Without changing a word, return the listing below, minus its images.

DATA PROVIDED →
********************

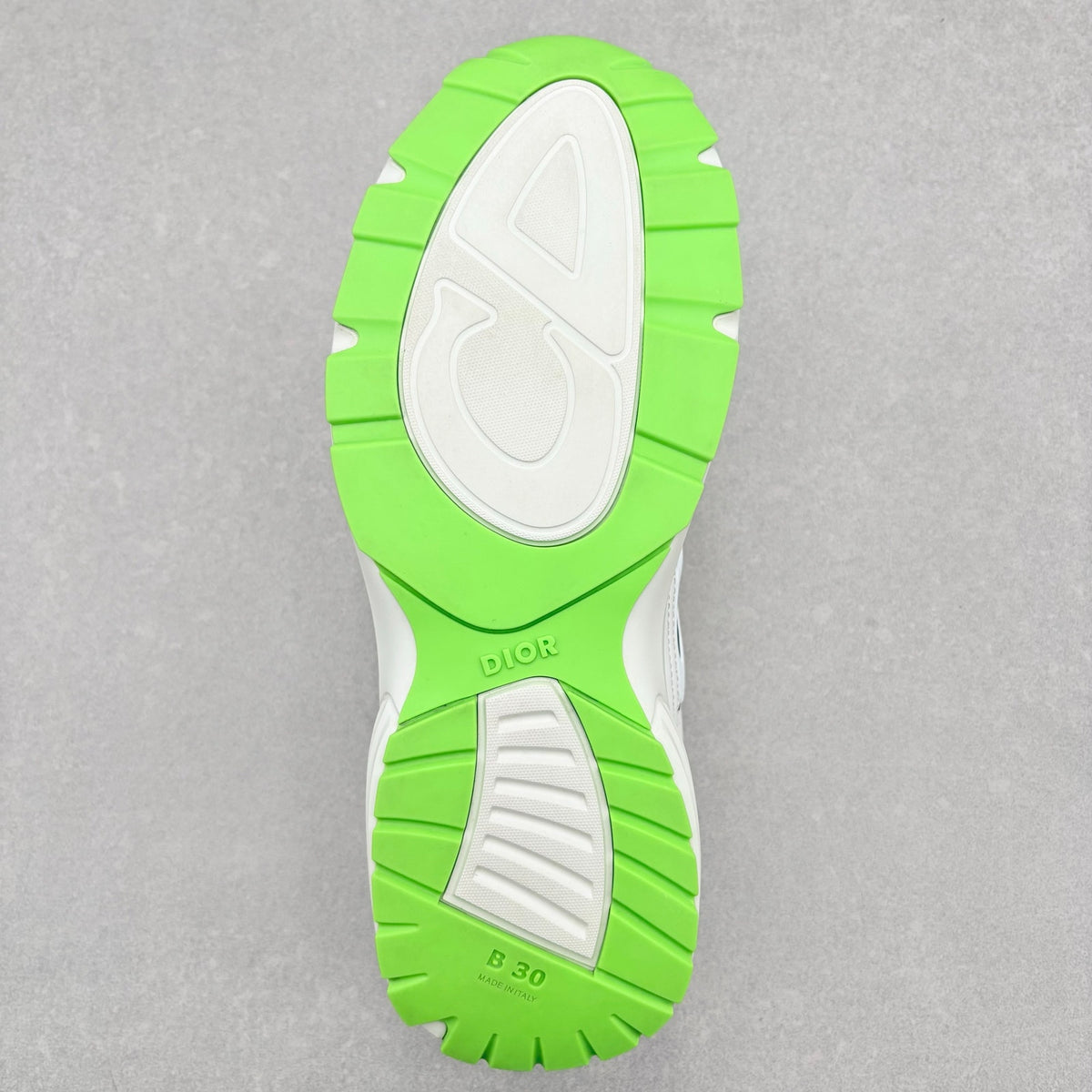 B30 Reflective Sneaker Cream Green — photo 7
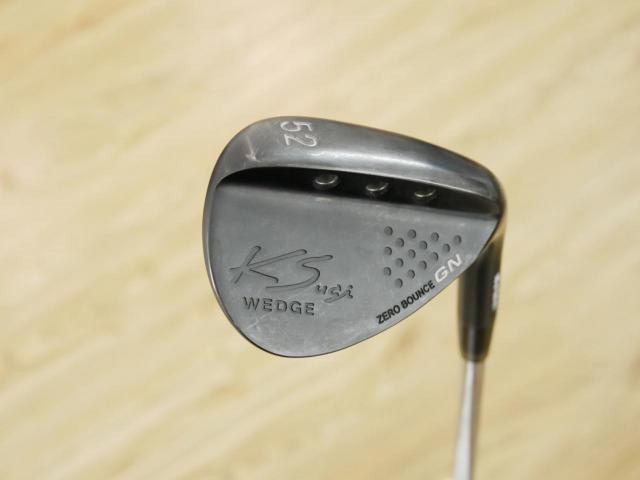 Wedge : Other : Wedge Maruman KS Zero Bounce GN Forged (รุ่นใหม่ ใบใหญ่ ตีง่ายมากๆ) Loft 52 ก้านเหล็ก NS Pro 950 Flex R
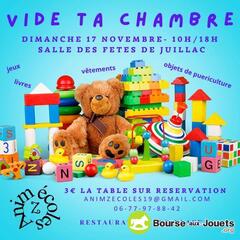 Photo de la bourse aux jouets Vide ta chambre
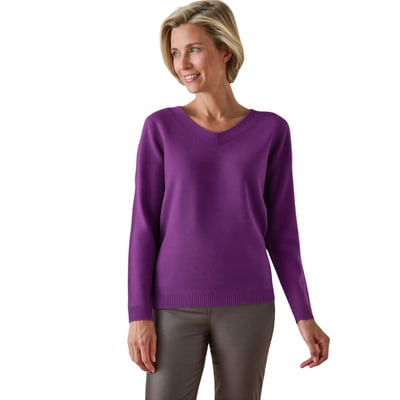 Pull V manches longues DAXON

********************

RESULT OF THE TASK →
 B30 Reflective Sneaker Cream Green — photo 7
 Wedge : Other : Wedge Maruman KS Zero Bounce GN Forged (รุ่นใหม่ ใบใหญ่ ตีง่ายมากๆ) Loft 52 ก้านเหล็ก NS Pro 950 Flex R
 Photo de la bourse aux jouets Vide ta chambre
 Pull V manches longues DAXON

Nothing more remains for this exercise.